• [TASK DESCRIPTION]:
Below are the records; give again exactly the lines from the one containing "An unfinished interior" through the one containing "Jody Crossbody mit", leaving out pictures.

• [ENTRIES SHOWN]:
**********
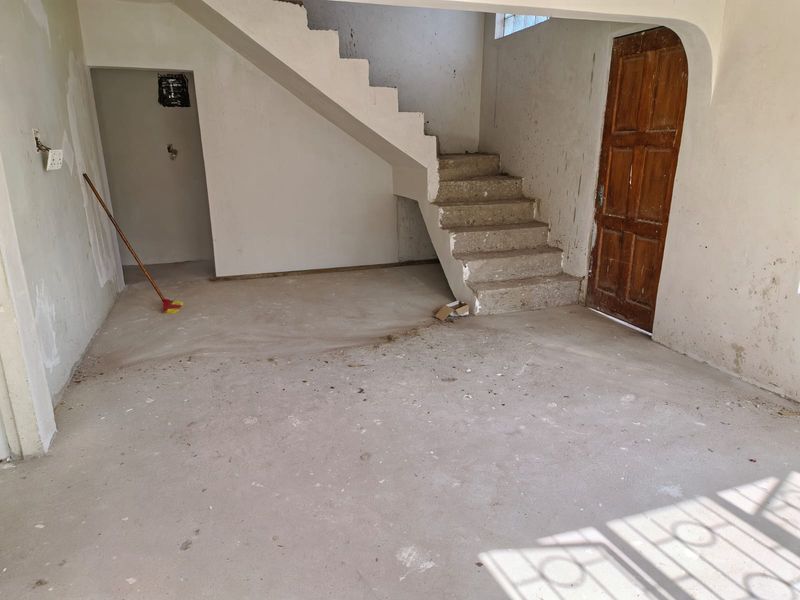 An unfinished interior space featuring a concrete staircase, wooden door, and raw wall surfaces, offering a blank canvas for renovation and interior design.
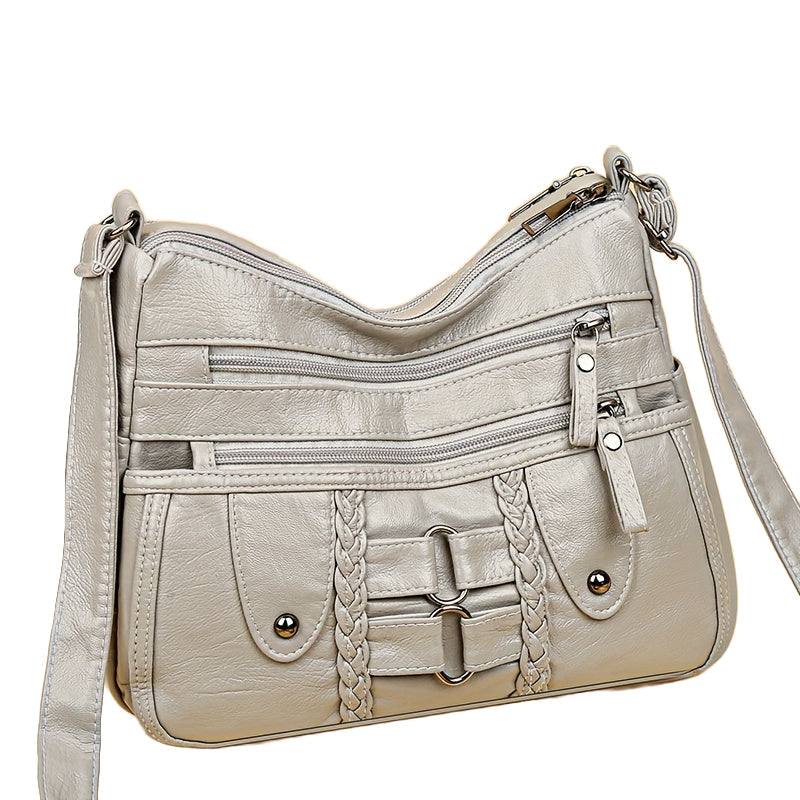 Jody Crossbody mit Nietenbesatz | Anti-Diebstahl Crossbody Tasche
**********
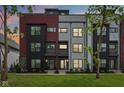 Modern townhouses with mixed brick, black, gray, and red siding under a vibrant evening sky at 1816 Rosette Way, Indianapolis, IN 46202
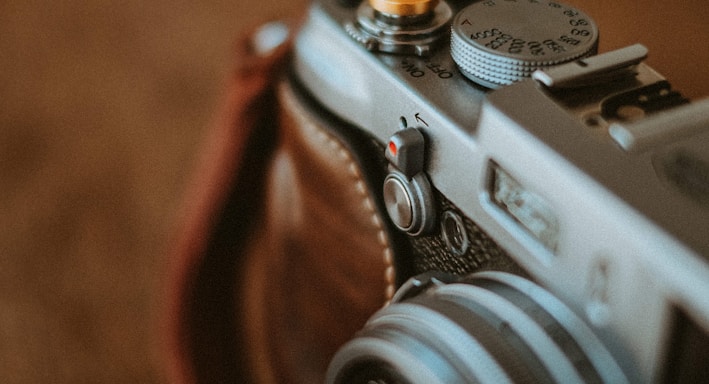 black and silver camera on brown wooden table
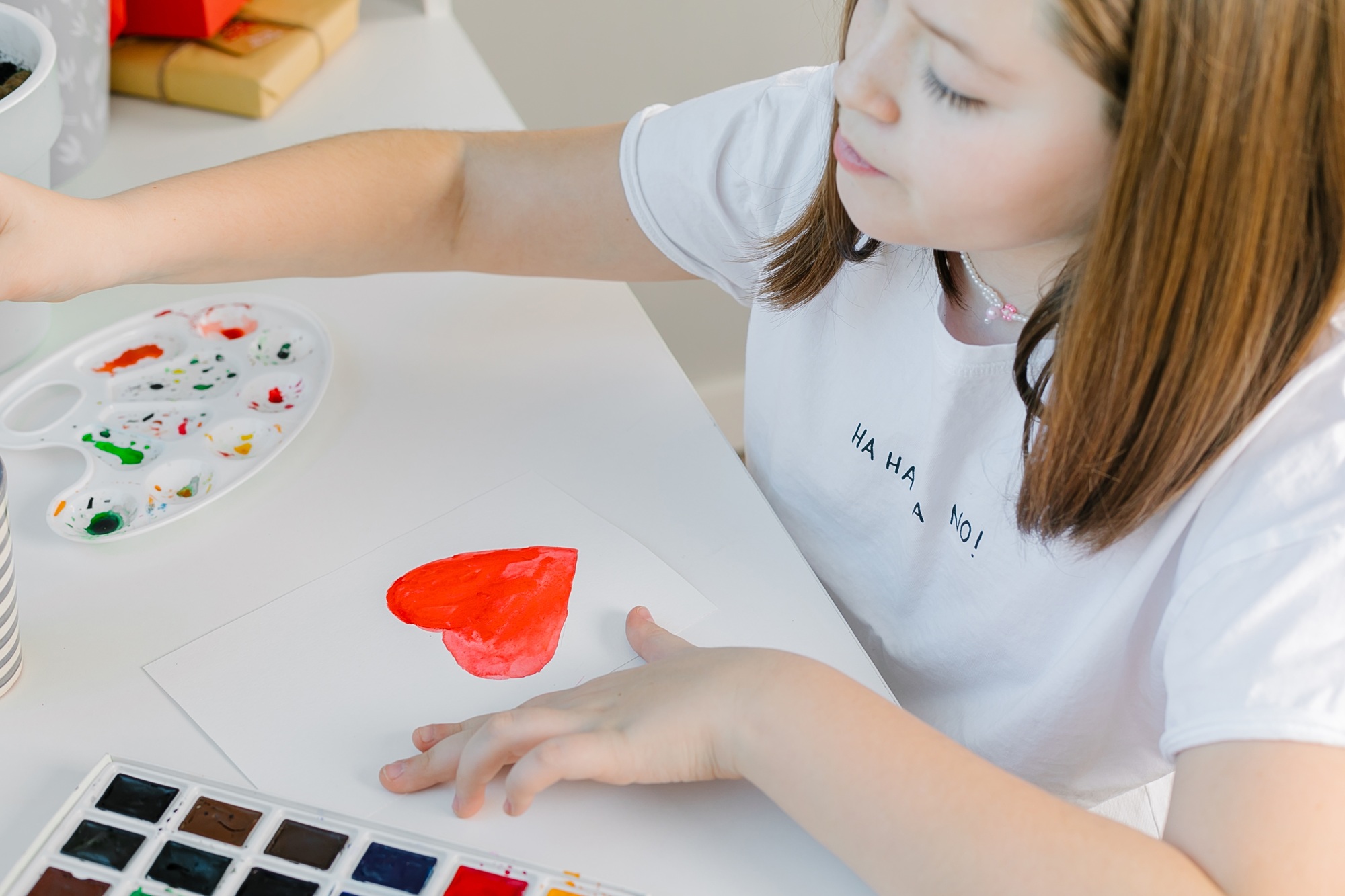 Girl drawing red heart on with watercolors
**********
• [RESULT OF THE TASK]:
 An unfinished interior space featuring a concrete staircase, wooden door, and raw wall surfaces, offering a blank canvas for renovation and interior design.
 Jody Crossbody mit Nietenbesatz | Anti-Diebstahl Crossbody Tasche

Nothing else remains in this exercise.